Ack, okay, ONE last message, an apology.

I think I've got it. Sorry! :( I probably came off as completely full of myself and arrogant. I assure you that is NOT the case. I just talked myself up... I just realized it last week when someone pointed it out to me and then I went "oh crap..." I dunno how many people I've affected, but I owe you a huge apology because you were so adamant in writing me back and even reading my message. I'm sure that's why you stopped talking to me.

I'm deeply sorry to have annoyed you! I do NOT at all expect any sort of reply as I'm the one apologizing here. While there's no way to make it up to you since you're no longer on speaking terms with me, I hope to leave you with at least the notice that I am now aware of this and will no longer make such first impressions on others in the future. It is not in my style, and I am completely ashamed at what I have said and done so far. I was out of line.

Thank you very much,
--Mr. Talks-a-Lot
If you just read the message without knowing the back story on this guy, it might seem like he had a bit of an epiphany. One might even say that he was deserving of a second chance. But please. After the numerous messages and chats he's had with himself, no way.

While we're on this topic (yet again), would anyone like to take bets on how many more messages I'm going to get? And for how long? I kind of wonder if he's going to continue with this for years to come. No, seriously.

Friday, January 2, 2009

Introducing Mr. Delusional

There's a boy I've been a casual acquaintance of for a little over six months. We'll call him Mr. Delusional, and I think you'll see why shortly.

It's no secret that he's been a little infatuated with me.

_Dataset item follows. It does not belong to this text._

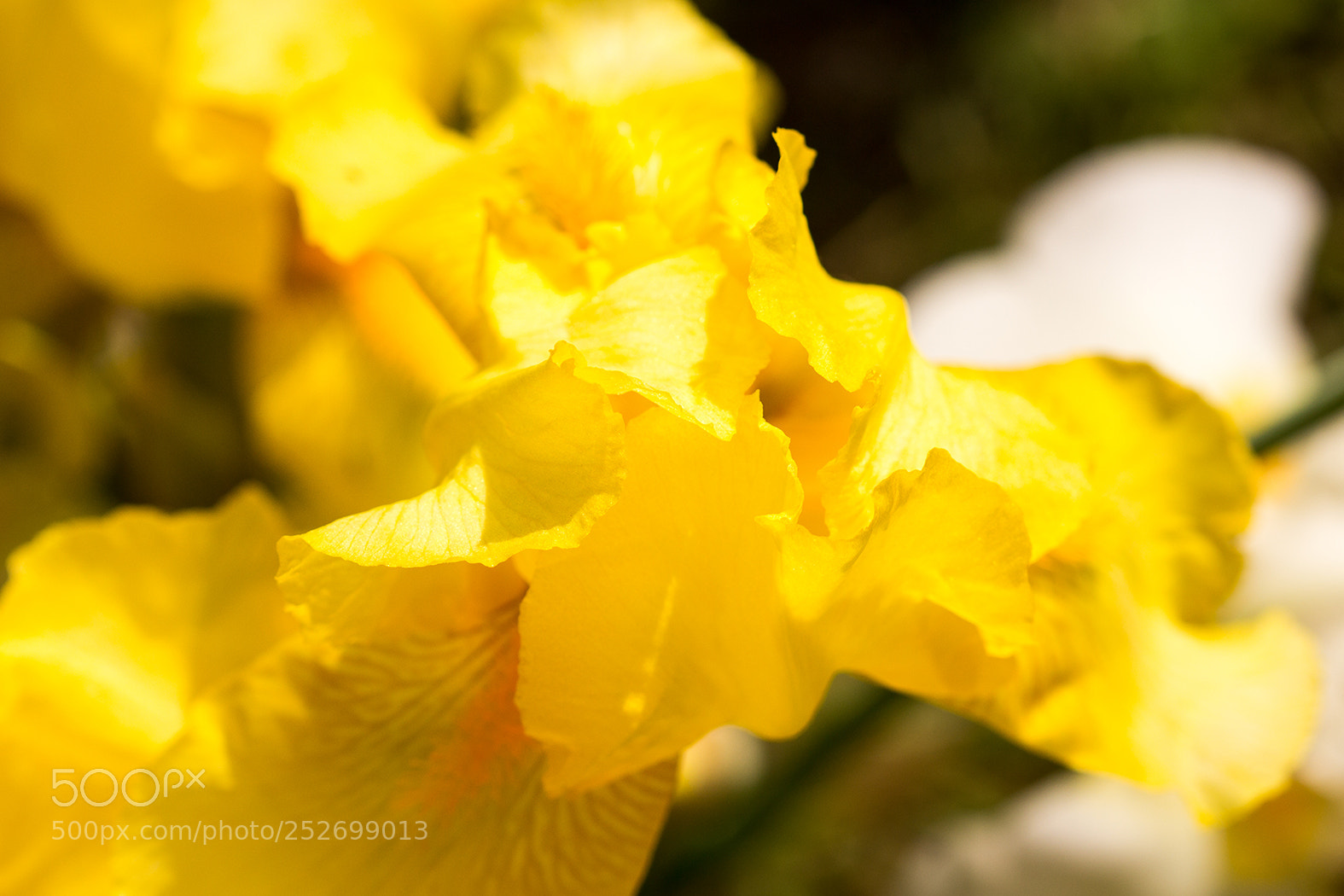 Canon EOS 600D (Rebel EOS T3i / EOS Kiss X5) sample photo. Yellow iris photography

But I don't see him often, and most of our interactions are limited to myspace. He's in his mid-twenties and doesn't live terribly close.

Today, I was showing a friend his page on myspace when I made the discovery that he had started a new photo album for his favorite girls. And I'm one of them. Keep in mind he's not actually romantically involved with any of them.

As if that wasn't entertaining enough, he sent me a message a few moments later:
So I printed off your picture and took it to work to put in my toolbox.....ya know it helps the day pass better...+cough+ So anyway the guys started coming by and they asked who you were and I kinda told them....ya know just so it would be easy to explain....that um....+coughyouweremygirlcough+
I'm not even sure how to deal with this one. He's one I'll actually run into in the future, so this should be fun.